## AIM OF THE EXERCISE
Where an entry below contains an image, skip the image and copy the rest exactly.

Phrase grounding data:
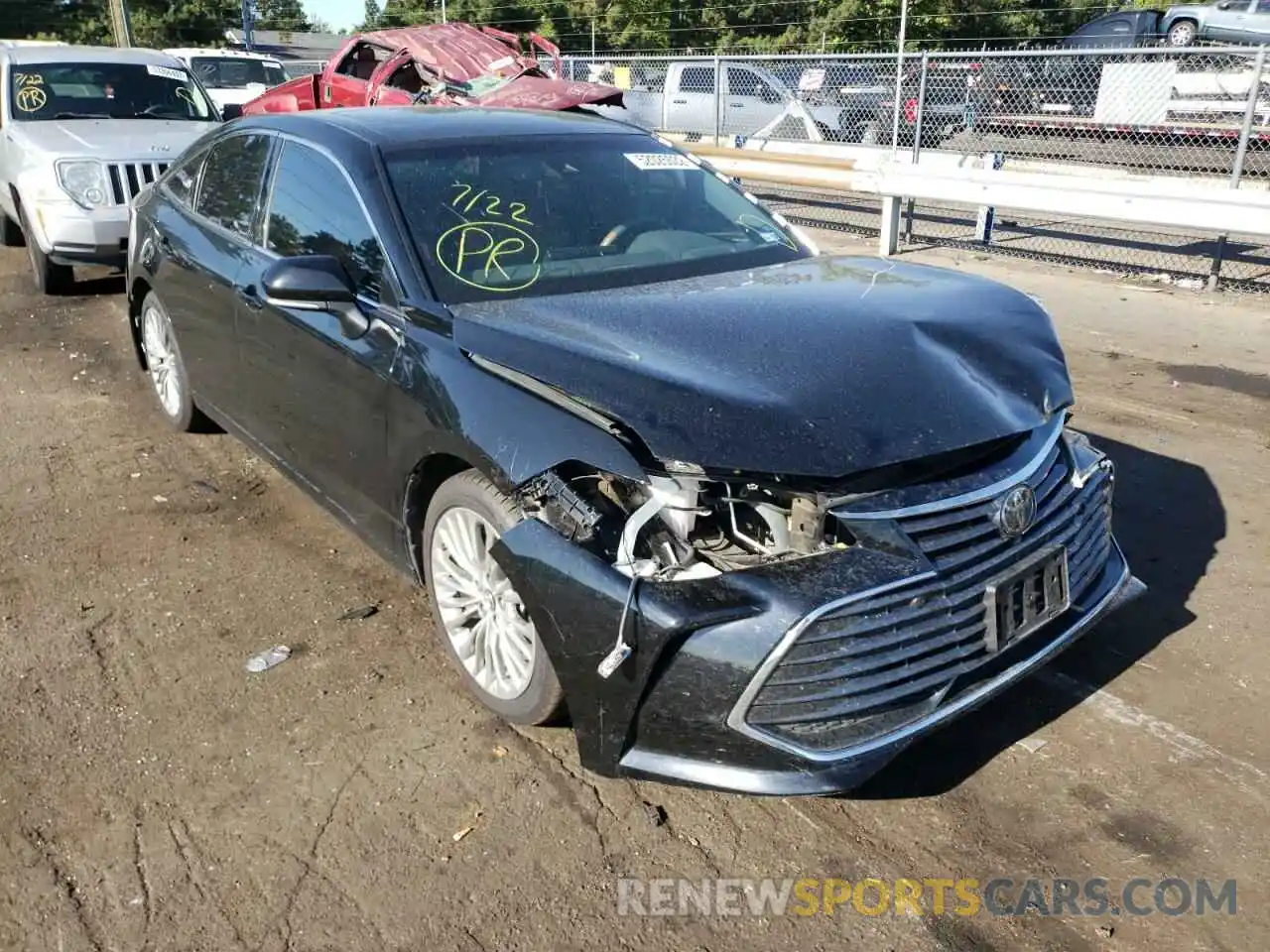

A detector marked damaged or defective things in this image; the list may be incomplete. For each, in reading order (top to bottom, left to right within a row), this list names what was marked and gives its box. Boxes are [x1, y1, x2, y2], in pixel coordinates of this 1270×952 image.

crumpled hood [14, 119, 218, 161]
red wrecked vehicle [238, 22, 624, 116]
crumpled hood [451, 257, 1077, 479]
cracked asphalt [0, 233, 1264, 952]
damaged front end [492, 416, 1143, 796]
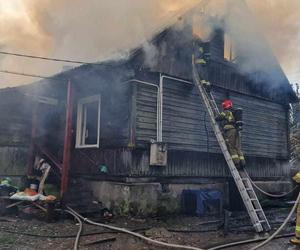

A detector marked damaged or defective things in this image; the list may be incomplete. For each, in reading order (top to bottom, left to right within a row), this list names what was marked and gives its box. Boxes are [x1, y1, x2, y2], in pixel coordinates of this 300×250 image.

## REPLY TO THE EXERCISE
A detector marked damaged or defective things in this image; the list may be incomplete. For each, in reading order (top to bottom, left to right within a row), this list names what was marked and gives its box. Boxes are [x1, y1, x2, y2], in pixel coordinates of this 1270×952 image.

crumpled hood [14, 119, 218, 161]
red wrecked vehicle [238, 22, 624, 116]
crumpled hood [451, 257, 1077, 479]
cracked asphalt [0, 233, 1264, 952]
damaged front end [492, 416, 1143, 796]

A detector marked damaged or defective things in this image; the list may be incomplete. For each, in reading order (top to bottom, left to right within a row), this list names what was marked and gives its box. Boxes are [x1, y1, x2, y2], in pixel coordinates of this 300×250 image.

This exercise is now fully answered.